# I'm not quiting until my OR1E's ICE engine is beyond repair.



## ntcindetroit (Mar 23, 2017)

The other day, I was celebrating the OR1E's odometer turned over 200,000 Miles or 320,000 KMs. 

Suddenly one night, blue smoke came out under hood after delivering a pizza order to the mobile home park customer. 

I knew it was bad, really bad. I'd need a tow truck and rideshare to go home. It was barely after midnight in a stranger city that I'm not familiar with, it's 500 miles from the place I call home or where I registered to vote or sleep after a long gig day.. 

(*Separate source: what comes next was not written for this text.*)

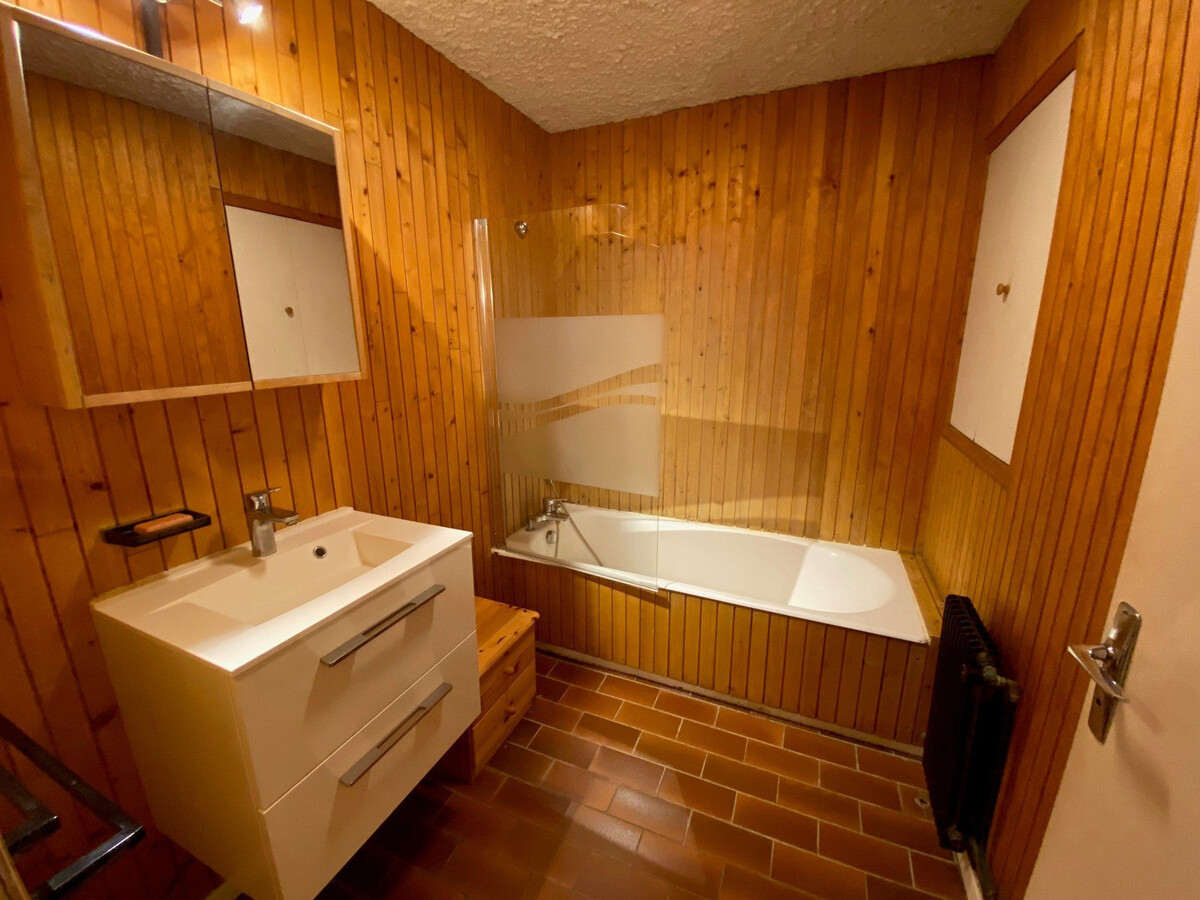 Chalet savoyard 10 pers, 4 chambres, parking privé - Photo 14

I was tired and my brain did not work as it was usually. I was sitting there wondering what to do hopelessly.


----------



## ntcindetroit (Mar 23, 2017)

Luckily, a visitor to the customer offered to give me a ride back when he saw I was trying to see what was wrong under the hood. 

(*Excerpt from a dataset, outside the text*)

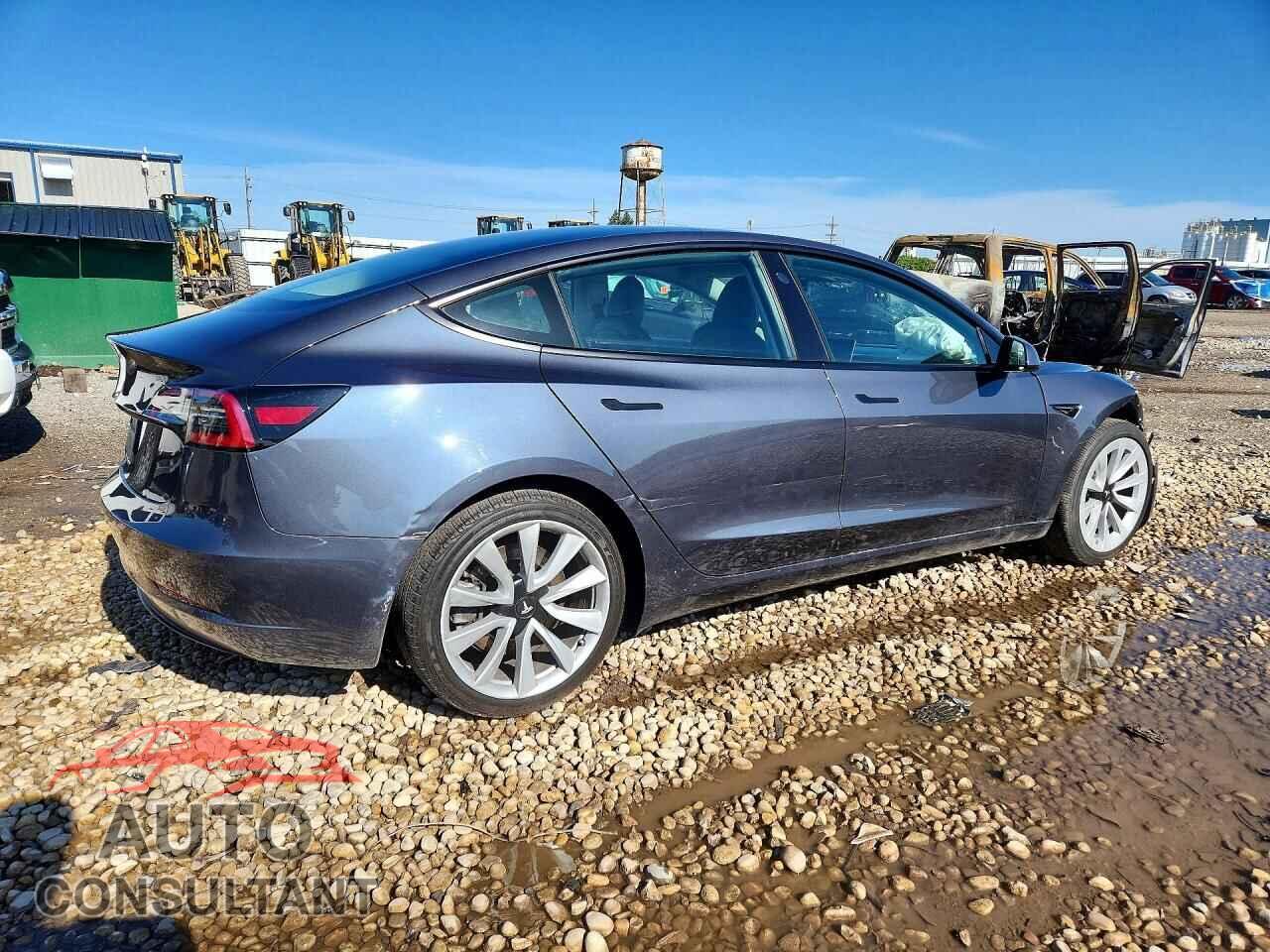 TESLA MODEL 3 2021 - 5YJ3E1EA9MF838492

Told the young man my place is more than 20 miles away, he said no problem. 

I gladly accepted the ride and leave the car at the mobile home park overnight.


----------



## New2This (Dec 27, 2015)

You spent the last 6 months in the trailer park?


----------



## Grubhubflub (Jun 16, 2018)

ntcindetroit said:


> The other day, I was celebrating the OR1E's odometer turned over 200,000 Miles or 320,000 KMs.
> 
> Suddenly one night, blue smoke came out under hood after delivering a pizza order to the mobile home park customer.
> 
> I knew it was bad, really bad. I'd need a tow truck and rideshare to go home. It was barely after midnight in a stranger city that I'm not familiar with, it's 500 miles from the place I call home


How'd you end up 500 miles from "the place you call home"?


----------



## New2This (Dec 27, 2015)

Grubhubflub said:


> How'd you end up 500 miles from "the place you call home"?


Someone in the trailer REALLY liked a specific pizza. 🤷‍♂️


----------